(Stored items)
============================================================
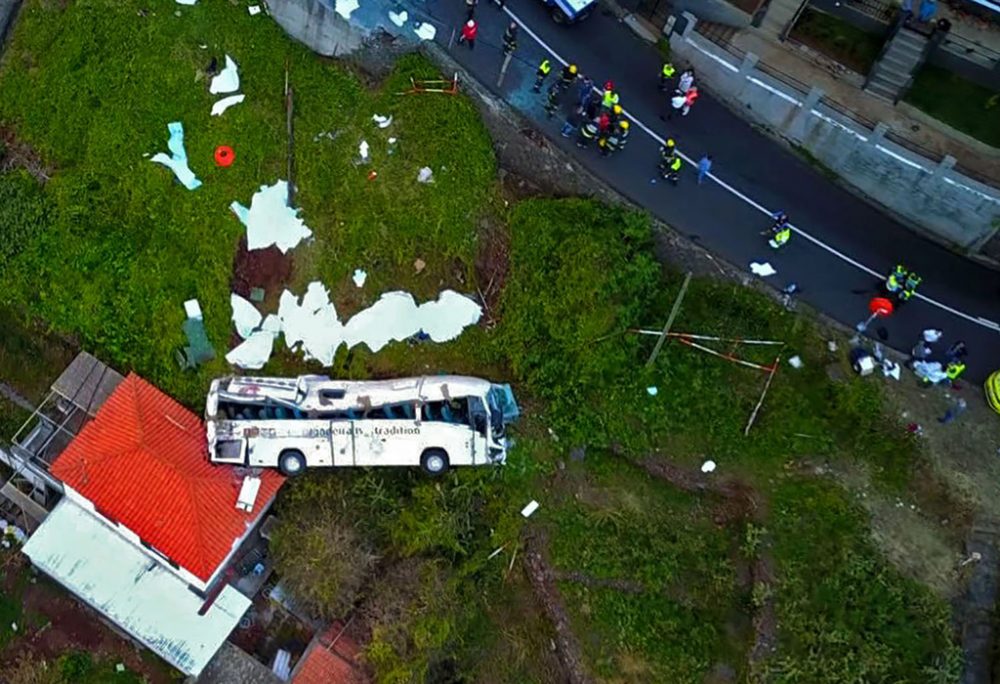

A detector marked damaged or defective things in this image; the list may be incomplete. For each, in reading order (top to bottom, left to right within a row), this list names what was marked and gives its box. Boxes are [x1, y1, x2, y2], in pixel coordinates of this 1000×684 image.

torn sheeting [336, 0, 360, 19]
torn sheeting [412, 22, 436, 40]
torn sheeting [207, 55, 238, 95]
torn sheeting [211, 94, 246, 117]
torn sheeting [150, 122, 201, 190]
torn sheeting [230, 182, 312, 254]
torn sheeting [230, 294, 262, 340]
torn sheeting [225, 330, 276, 368]
damaged bus front [202, 374, 516, 476]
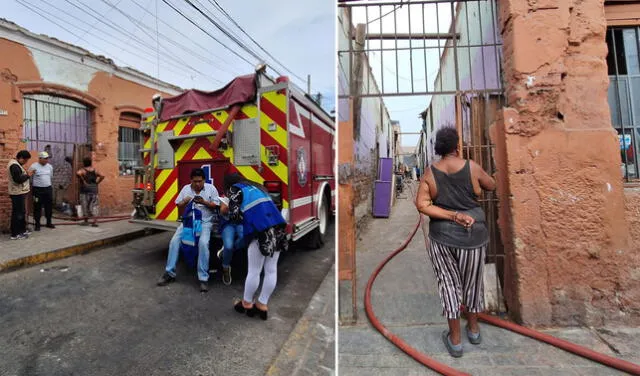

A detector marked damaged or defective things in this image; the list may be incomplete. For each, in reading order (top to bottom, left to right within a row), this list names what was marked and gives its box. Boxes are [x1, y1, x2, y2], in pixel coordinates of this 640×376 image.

damaged wall [0, 20, 180, 234]
damaged wall [496, 0, 640, 326]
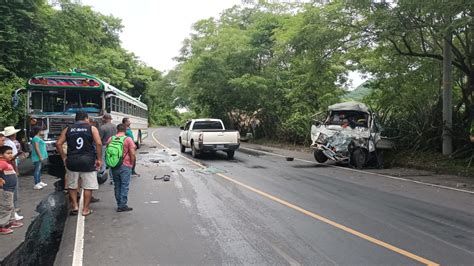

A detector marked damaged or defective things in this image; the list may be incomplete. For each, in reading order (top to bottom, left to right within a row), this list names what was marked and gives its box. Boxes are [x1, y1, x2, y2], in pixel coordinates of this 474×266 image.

wrecked white vehicle [312, 102, 392, 168]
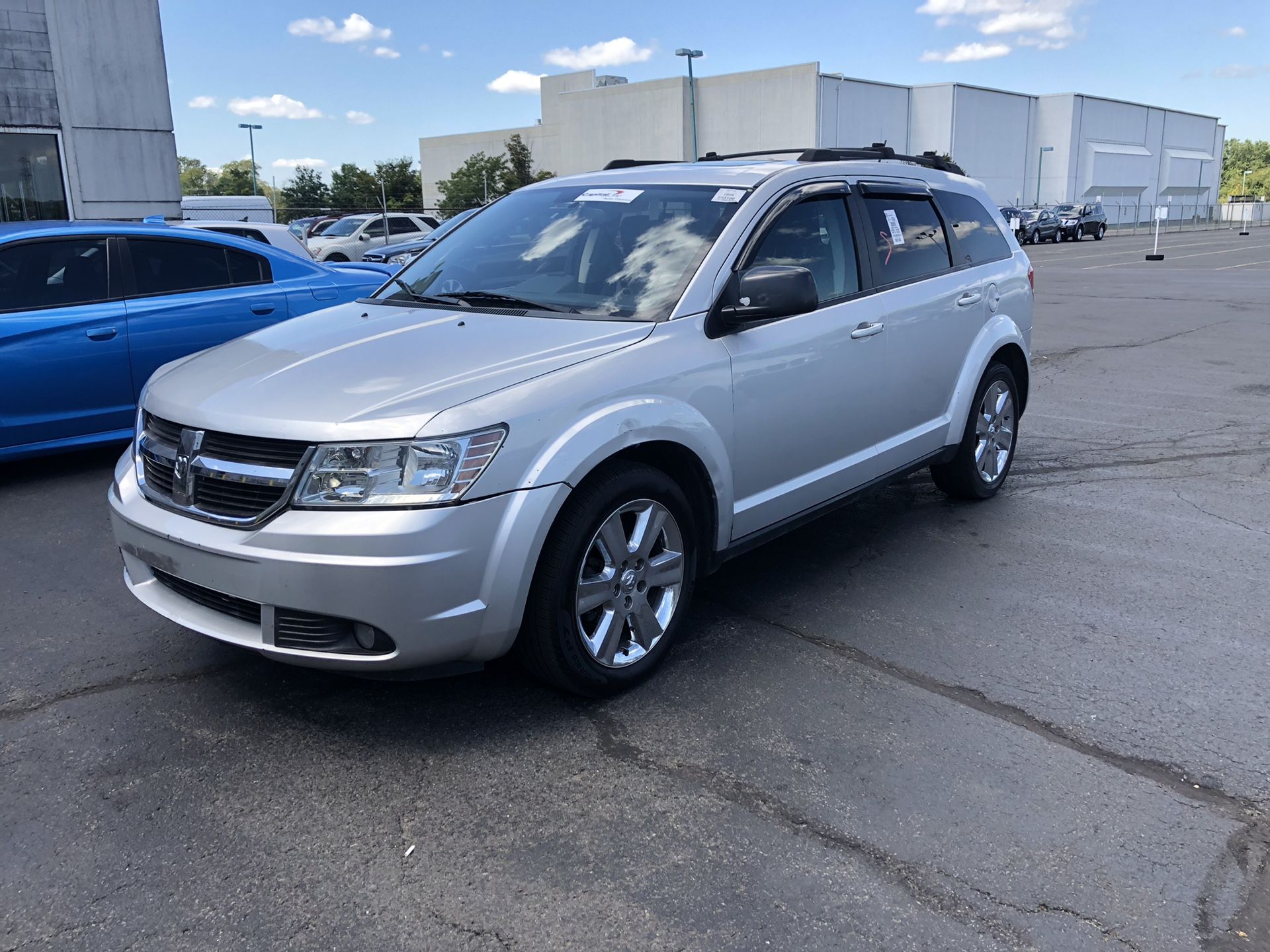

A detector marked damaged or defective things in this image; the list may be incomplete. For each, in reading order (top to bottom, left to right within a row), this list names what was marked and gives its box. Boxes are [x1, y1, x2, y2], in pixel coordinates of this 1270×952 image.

cracked asphalt [2, 227, 1270, 947]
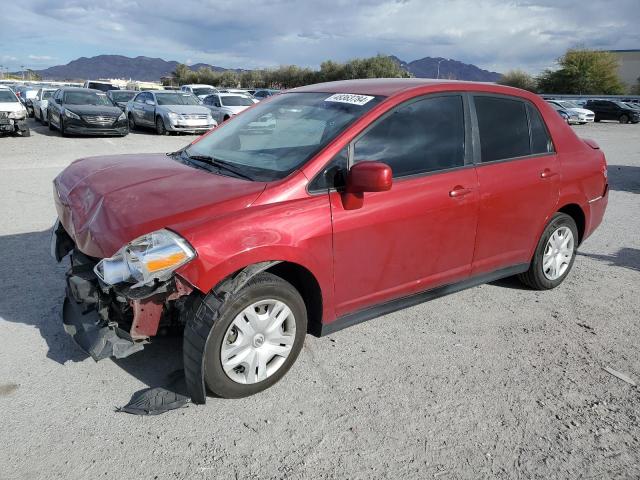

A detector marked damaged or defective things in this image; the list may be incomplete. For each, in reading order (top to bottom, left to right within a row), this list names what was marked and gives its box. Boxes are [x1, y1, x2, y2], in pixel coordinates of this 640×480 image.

crumpled hood [52, 154, 268, 258]
damaged front end [52, 221, 195, 360]
exposed headlight assembly [94, 231, 195, 286]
============================================================
What to work on
Without the images, print all of the lines above exactly.

Solution for this problem
A detector marked damaged or defective things in this image; the list may be incomplete. For each, in reading order (top to bottom, left to right within a row), this list names what was marked and gives its box. Boxes are [x1, y1, x2, y2], in pixel coordinates of this 1000×684 image.

torn sheeting [336, 0, 360, 19]
torn sheeting [412, 22, 436, 40]
torn sheeting [207, 55, 238, 95]
torn sheeting [211, 94, 246, 117]
torn sheeting [150, 122, 201, 190]
torn sheeting [230, 182, 312, 254]
torn sheeting [230, 294, 262, 340]
torn sheeting [225, 330, 276, 368]
damaged bus front [202, 374, 516, 476]

A detector marked damaged or defective things in this image; the list may be incomplete. For each, in reading order (top to bottom, left to right within a row), this list names what was marked and gives its box. Boxes are [x1, y1, x2, y2], in pixel coordinates of this 640×376 image.

damaged wall [0, 20, 180, 234]
damaged wall [496, 0, 640, 326]

A detector marked damaged or defective things in this image; the list may be incomplete. For each, in reading order (top to bottom, left to right within a row), this list names what was marked and gives its box. Boxes are [x1, y1, x2, y2], in pixel coordinates of this 474×266 image.

wrecked white vehicle [312, 102, 392, 168]

A detector marked damaged or defective things in this image; the list may be incomplete. For each, in reading order (top to bottom, left to right within a row), this list names what was marked and gives its box. Boxes are [x1, y1, x2, y2], in pixel coordinates of this 1270×952 image.

cracked asphalt [2, 227, 1270, 947]

A detector marked damaged or defective things in this image; the list may be incomplete. For each, in reading order (top to bottom, left to right within a row), this list names what was marked and gives its box. Boxes are [x1, y1, x2, y2], in pixel coordinates of this 640×480 image.

crumpled hood [52, 154, 268, 258]
damaged front end [52, 221, 195, 360]
exposed headlight assembly [94, 231, 195, 286]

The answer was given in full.